Florida has moved forward with a powerful new bill which bans businesses and schools from pushing woke diversity, racial, and other controversial ideas on employees and students.
The bill was backed by Florida’s Republican Governor Ron DeSantis and passed the state’s Senate Education Committee in a 6-3 party line vote, with Republicans voting in support and Democrats against.
The legislation, named “Individual Freedom,” was written and introduced by GOP Sen. Manny Diaz, Jr.
According to a summary of the legislation, “[t]he bill specifies that subjecting any individual, as a condition of employment, membership, certification, licensing, credentialing, or passing an examination, to training, instruction, or any other required activity that espouses, promotes, advances, inculcates, or compels such individual to believe certain specified divisive concepts constitutes unlawful discrimination.”
“The bill defines individual freedoms based on the fundamental truth that all individuals are equal before the law and have inalienable rights. Accordingly, the bill requires that instruction, instructional materials, and professional development in public schools be consistent with principles of individual freedom,” the summary states.
If adopted by other states, the bill could put an end to the left’s indoctrination tactics being used in schools and workplaces to brainwash Americans into following their Marxist beliefs.
The bill sparked debate among committee members with Democrats claimed that Diaz’s legislation turned the Florida legislature into the “thought police,” according to WTSP.
“Now we’re telling a company if they want to teach anti-discrimination, they want to teach diversity, they want to teach unconscious bias which is a course in the Florida Senate that they are potentially creating a cause of action from a disgruntled employee,” Democratic State Sen. Tina Scott Polsky argued.
Diaz defended his bill, saying, “the aim of this is to clearly have those discussions, to talk about the tough conversations and have it done in a manner where there’s an open dialogue.”
Under the legislation, Florida schools would be barred from teaching topics such as denial of the Holocaust or Critical Race Theory, deeming them theories that “distort historical events.”
Educators cannot “define American history as something other than the creation of a new nation based largely on universal principles stated in the Declaration of Independence,” according to the committee’s summary of the bill.
The summary of the bill states, “SBE rule regarding required instruction and reporting requires that instruction on the required topics must be factual and objective, and may not suppress or distort significant historical events, such as the Holocaust, slavery, the Civil War and Reconstruction, the civil rights movement and the contributions of women, African American and Hispanic people to our country.”

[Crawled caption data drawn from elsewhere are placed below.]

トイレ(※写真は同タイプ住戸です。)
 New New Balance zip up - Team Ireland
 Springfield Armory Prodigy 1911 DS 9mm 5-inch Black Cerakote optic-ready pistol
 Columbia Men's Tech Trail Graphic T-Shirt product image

“Examples of theories that distort historical events and are inconsistent with SBE-approved standards include the denial or minimization of the Holocaust, and the teaching of Critical Race Theory, meaning the theory that racism is not merely the product of prejudice, but that racism is embedded in American society and its legal systems in order to uphold the supremacy of white persons. Instruction may not utilize material from the 1619 Project and may not define American history as something other than the creation of a new nation based largely on universal principles stated in the Declaration of Independence.”